また別の日には、御嶽神社の下ら辺の通り道で、
中ノ平の家に帰る途中に、よく会う別の兵隊さんに声をかけられたそうです。
「君にこれをあげるよ。兄弟と仲良くしていくんだよ。」
と言って、大きな箱をくれたそうです。
家に帰ってその箱を開けてみると、クッキーが沢山入っていたそうです。
その時はなんでだろう?と思っていたそうですが、
後から兄から冒頭の言葉を聞いて、「ああ、もう硫黄島に行っちゃうんだ」と悟ったそうです。

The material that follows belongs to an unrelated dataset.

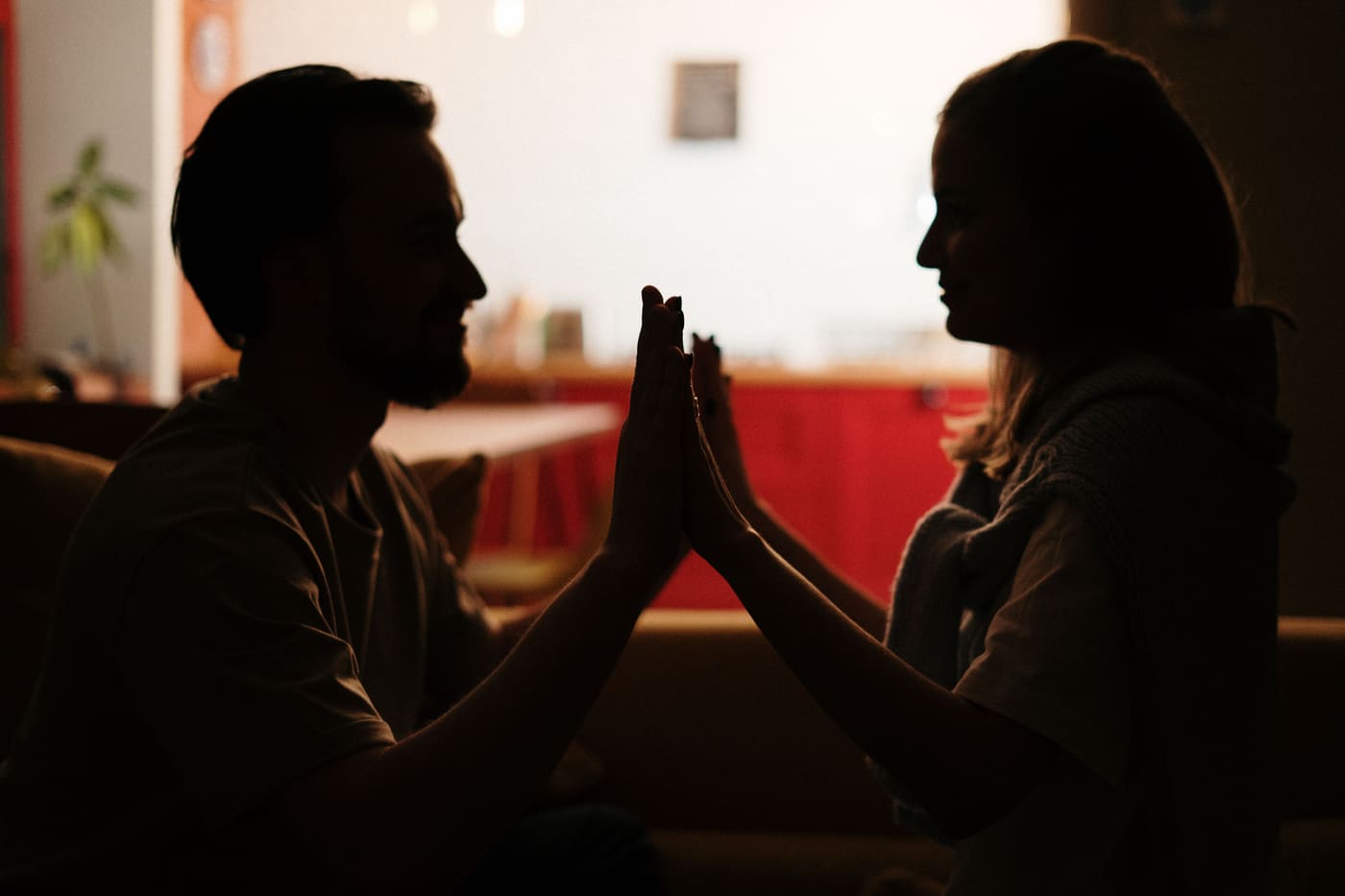 Silhouette of a couple reaching out to touch hands, playful moment on a couch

農協で働いていた父親は恐らく、前浜から見送ったと思うと言っていました。
その後、硫黄島は激戦の地となり、そのほとんどが戦死したので、
恐らくその兵隊さんも戦死したともうとおっしゃっていました。
■さらにこの戦争の時に母島から出兵して、生き残って内地に戻って来れた兵隊さんがいたそうです。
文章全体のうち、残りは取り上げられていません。